▶ **TASK**
Starting at the line containing "top view notebook" and ending at the line containing "A man wearing", print every line of the material below exactly, both ends included, and stop there.

▶ **WORKING DATA**
════

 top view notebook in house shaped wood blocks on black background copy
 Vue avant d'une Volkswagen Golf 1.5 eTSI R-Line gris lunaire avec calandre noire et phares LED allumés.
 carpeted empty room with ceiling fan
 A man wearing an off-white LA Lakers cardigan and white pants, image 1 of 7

════

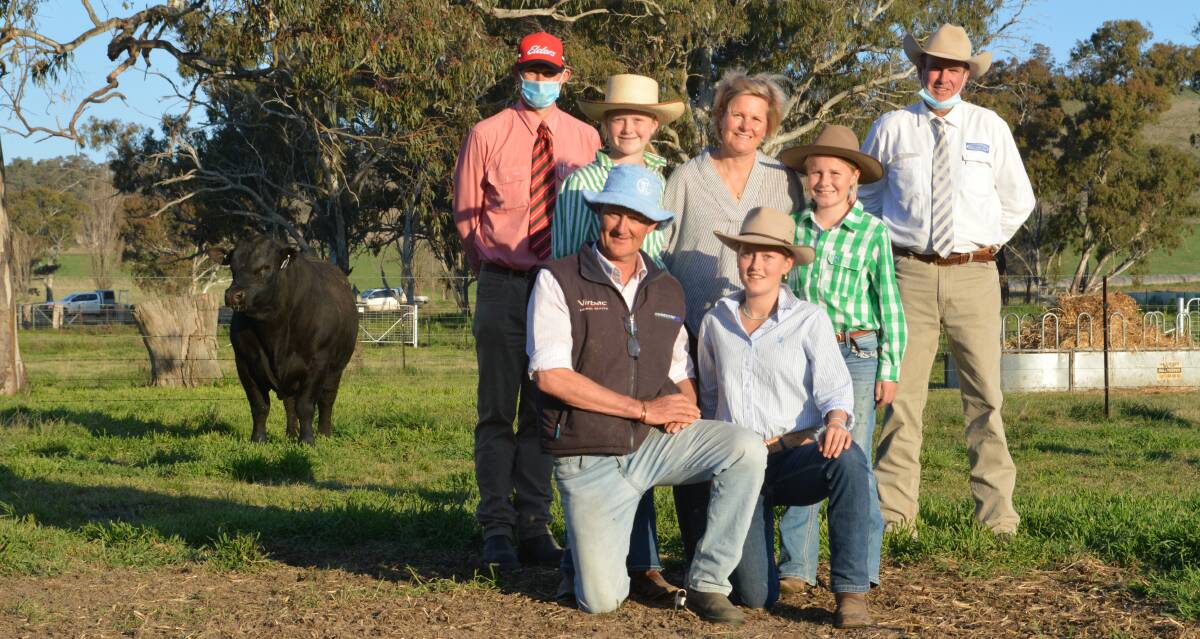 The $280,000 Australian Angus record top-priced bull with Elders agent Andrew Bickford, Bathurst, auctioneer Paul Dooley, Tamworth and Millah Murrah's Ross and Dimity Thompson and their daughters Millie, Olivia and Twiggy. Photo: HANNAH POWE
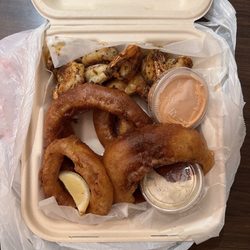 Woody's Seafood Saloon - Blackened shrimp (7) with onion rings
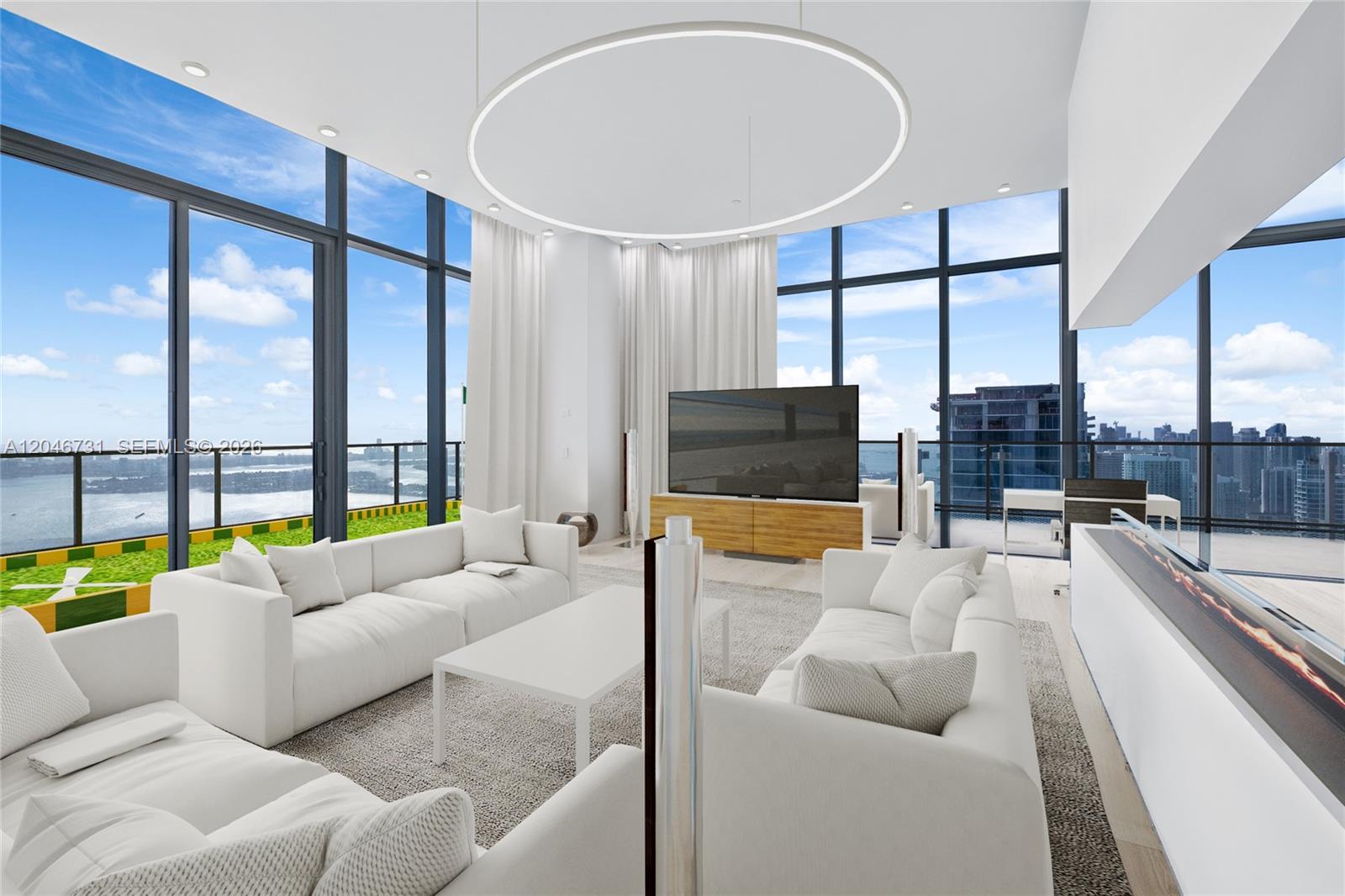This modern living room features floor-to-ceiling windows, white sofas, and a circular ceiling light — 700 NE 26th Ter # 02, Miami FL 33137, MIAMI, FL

════

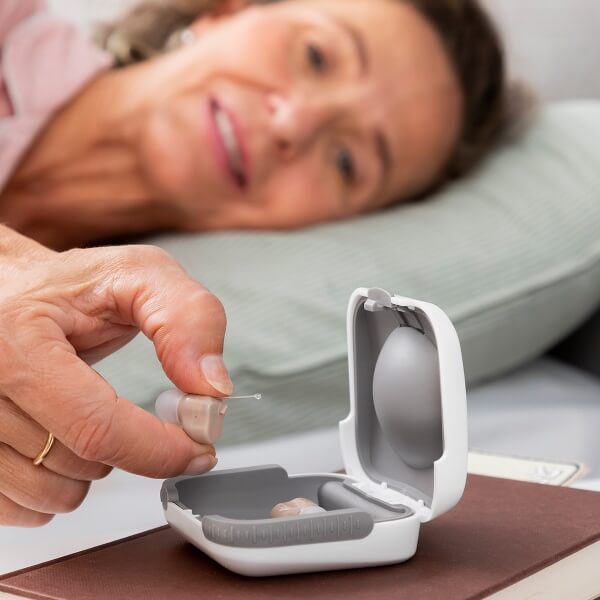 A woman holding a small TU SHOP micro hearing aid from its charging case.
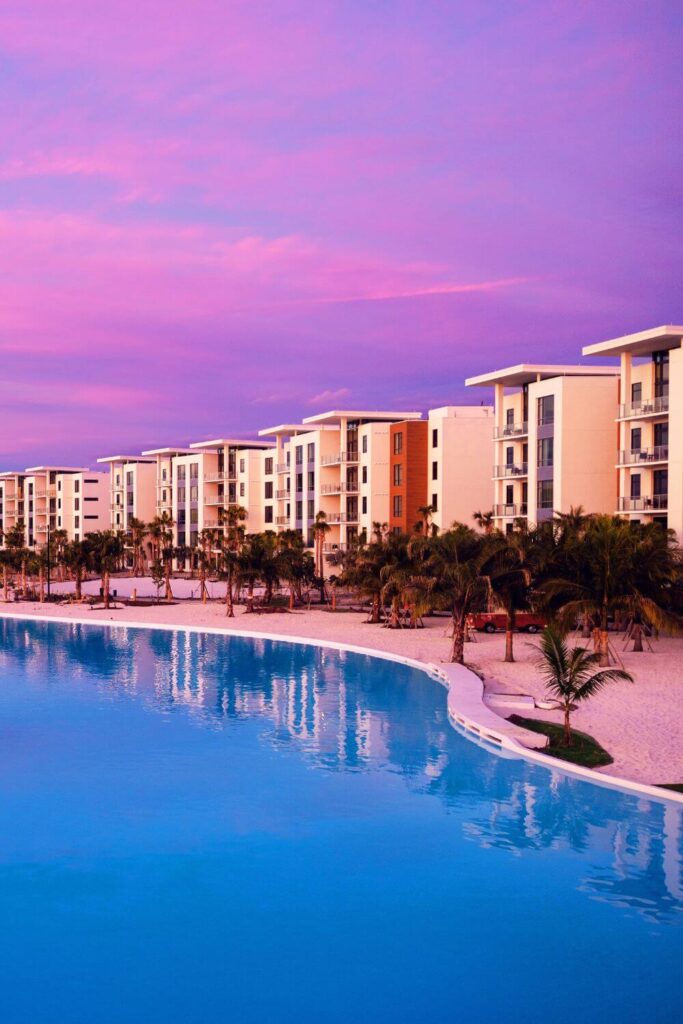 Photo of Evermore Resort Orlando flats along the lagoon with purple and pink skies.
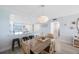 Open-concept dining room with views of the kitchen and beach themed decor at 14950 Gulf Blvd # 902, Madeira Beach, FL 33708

════

▶ **RESPONSE TO THE EXERCISE**
 top view notebook in house shaped wood blocks on black background copy
 Vue avant d'une Volkswagen Golf 1.5 eTSI R-Line gris lunaire avec calandre noire et phares LED allumés.
 carpeted empty room with ceiling fan
 A man wearing an off-white LA Lakers cardigan and white pants, image 1 of 7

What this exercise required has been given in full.